Matthew Wilcox <willy@xxxxxxxxxxxxx> · Wed, 24 Jan 2024 21:03:44 +0000

On Wed, Jan 24, 2024 at 11:18:24AM -0800, Christoph Lameter (Ampere) wrote:
> On Mon, 22 Jan 2024, Matthew Wilcox wrote:
> 
> > When we have memdescs, allocating a folio from the buddy is a two step
> > process.  First we allocate the struct folio from slab, then we ask the
> > buddy allocator for 2^n pages, each of which gets its memdesc set to
> > point to this folio.  It'll be similar for other memory descriptors,
> > but let's keep it simple and just talk about folios for now.
> 
> I need to catch up on memdescs. One of the key issues may be fragmentation
> that occurs during alloc / free of folios of different sizes.

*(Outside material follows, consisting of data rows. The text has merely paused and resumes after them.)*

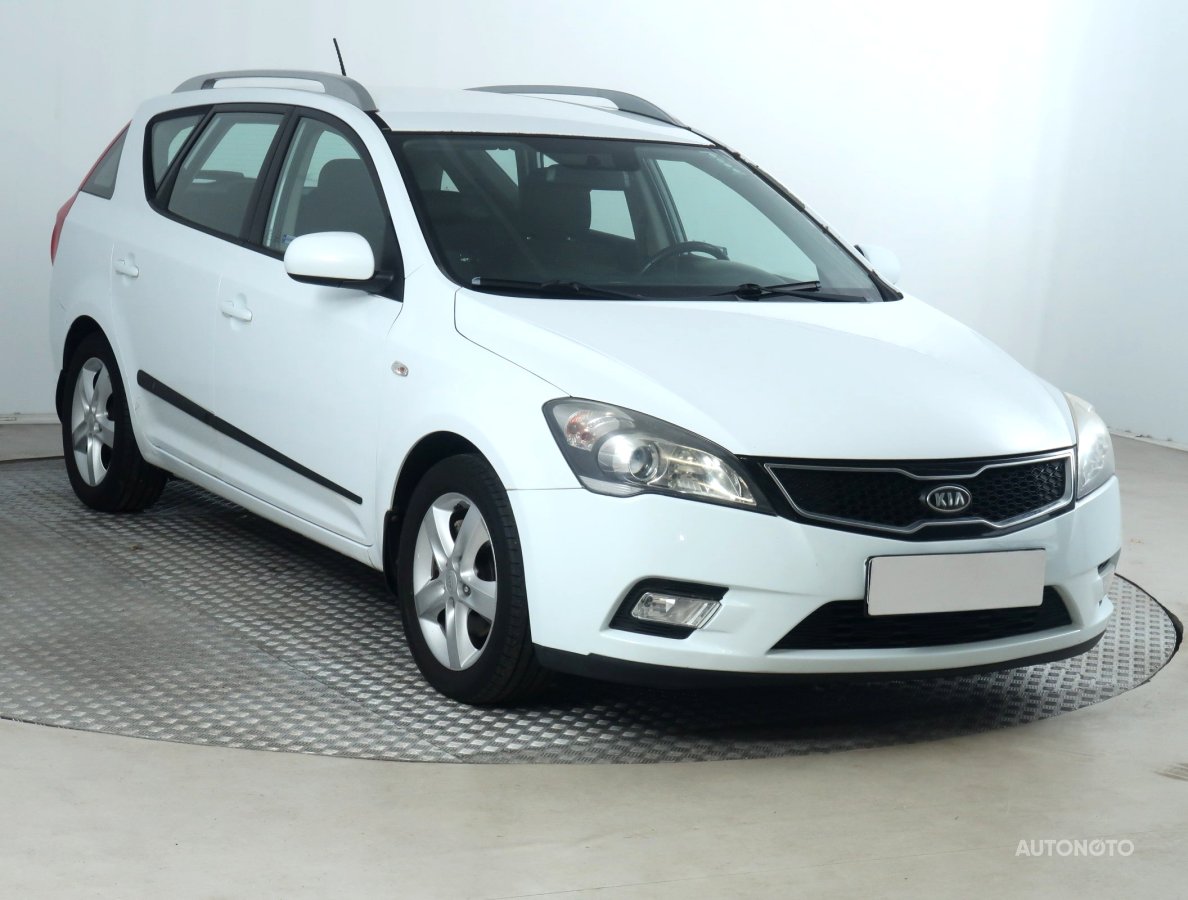 Kia Cee´d, 2012 - celkový pohled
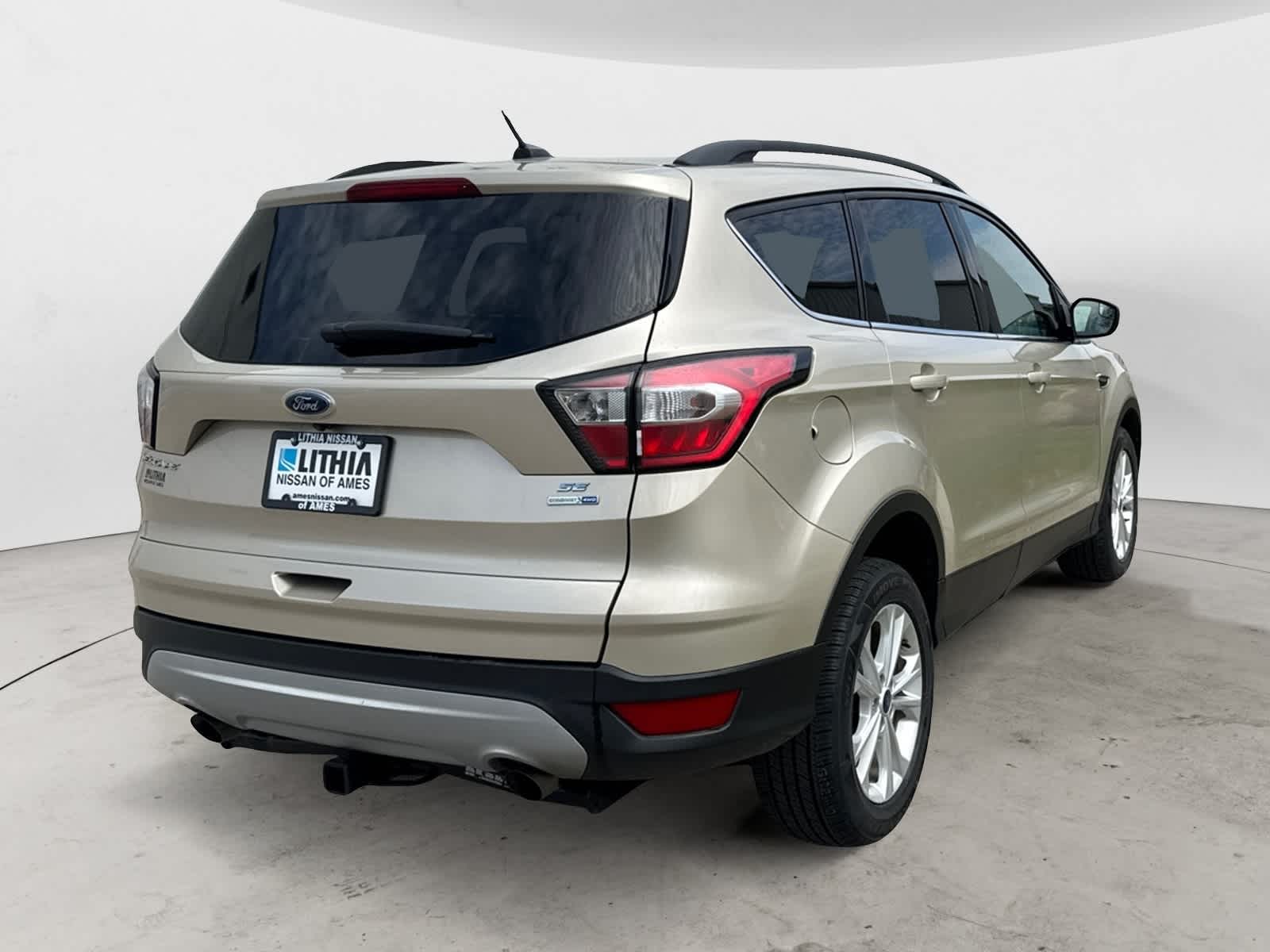 Thumbnail: 2018 Ford Escape - 4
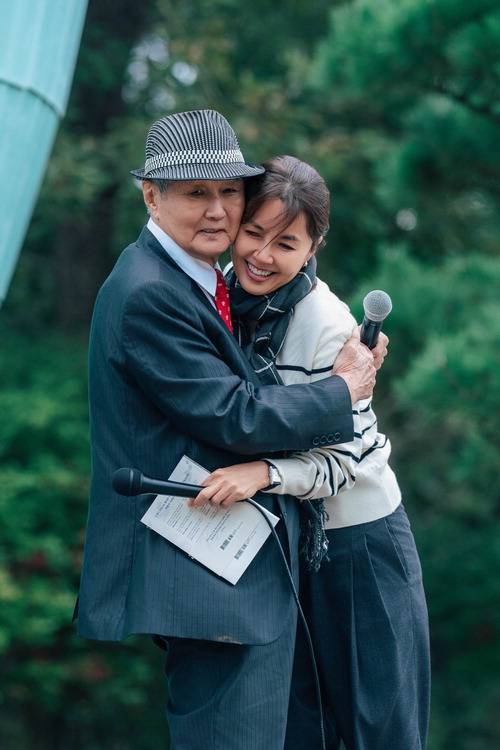 '생전 장례식' 진행한 배우 신애라 父女 지난해 10월 경기도 양평에서 열린 배우 신애라 씨의 아버지인 신영교 씨 생전 장례식에서 두 사람이 포옹하고 있다.  하이패밀리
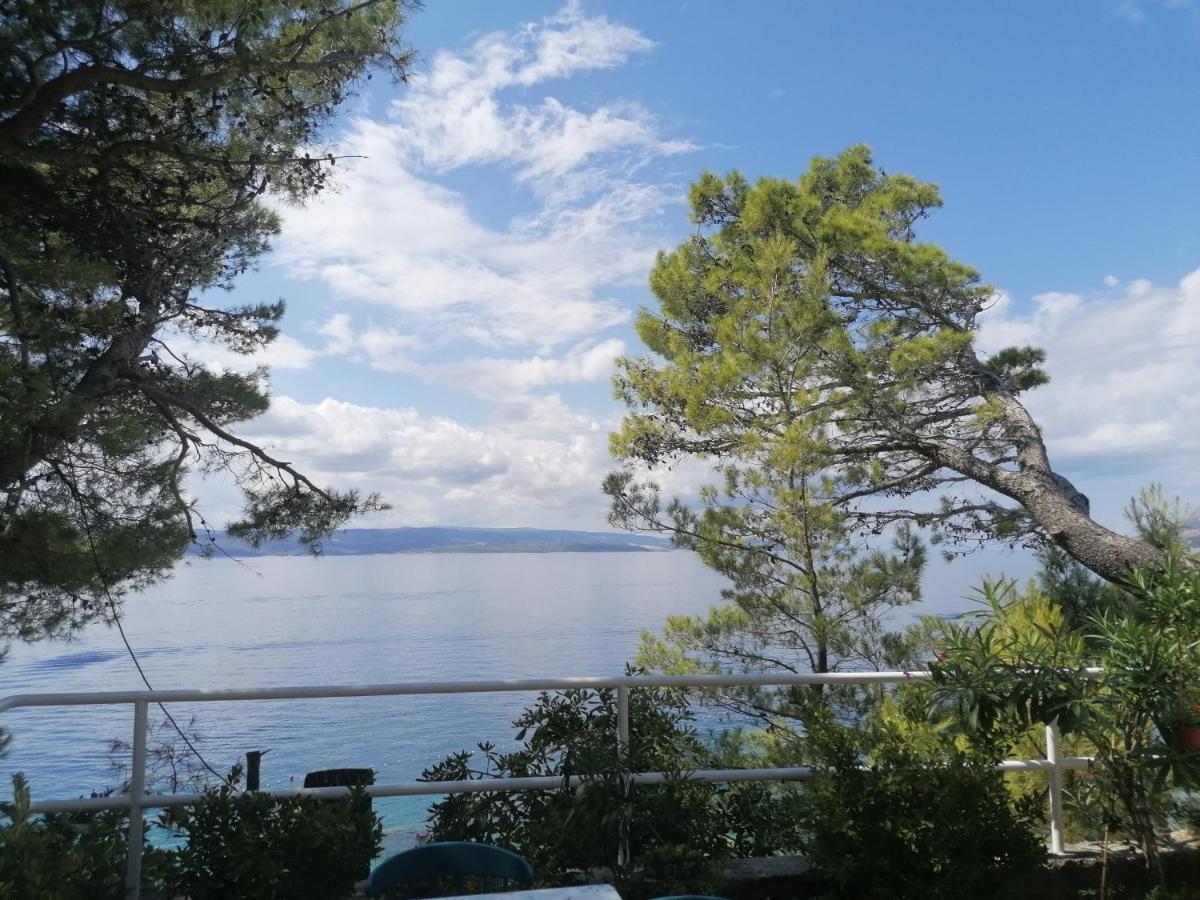Apartmani Mares - 20 M From The Beach Brela Esterno foto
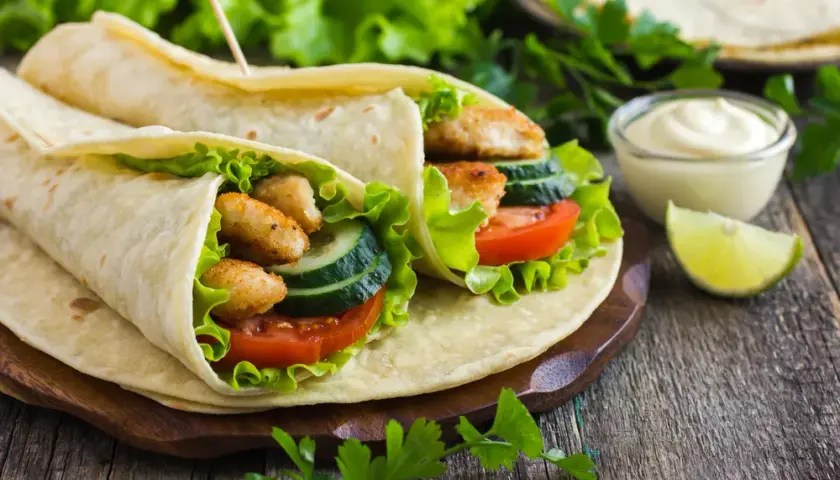 Tortilla na obiad: Szybkie przepisy i pomysły na każdy smak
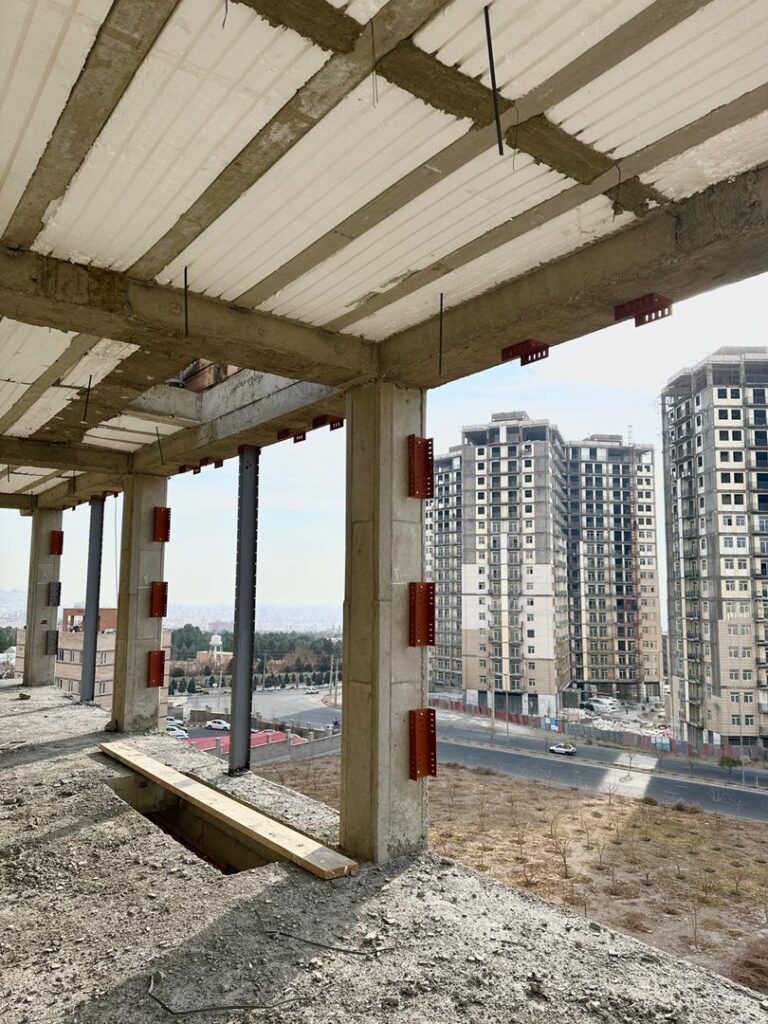 سازه بستر آروشا تولید کننده مقاطع والپست میلگرد بستر و اتصالات در یزد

A lot of what we have now is opportunistic.  We'll use larger allocations
if they're readily available, and if not we'll fall back (and also kick
kswapd to try to free up some memory).  This is fine for the current
purposes, but may be less fine for the people who want to support large
LBA devices.  I don't think it'll be a problem as they should be able
to allocate more memory that is large enough, just by evicting memory
from the page cache that comes from the same device (so is by definition
large enough).

> Maybe we could use an approach similar to what the slab allocator uses to
> defrag. Allocate larger folios/pages and then break out sub
> folios/sizes/components until the page is full and recycle any frees of
> components in that page before going to the next large page.

It's certainly something we could do, but then we're back to setting
up the compound page again, and the idea was to avoid doing that.
So really this is a competing idea, not a complementary idea.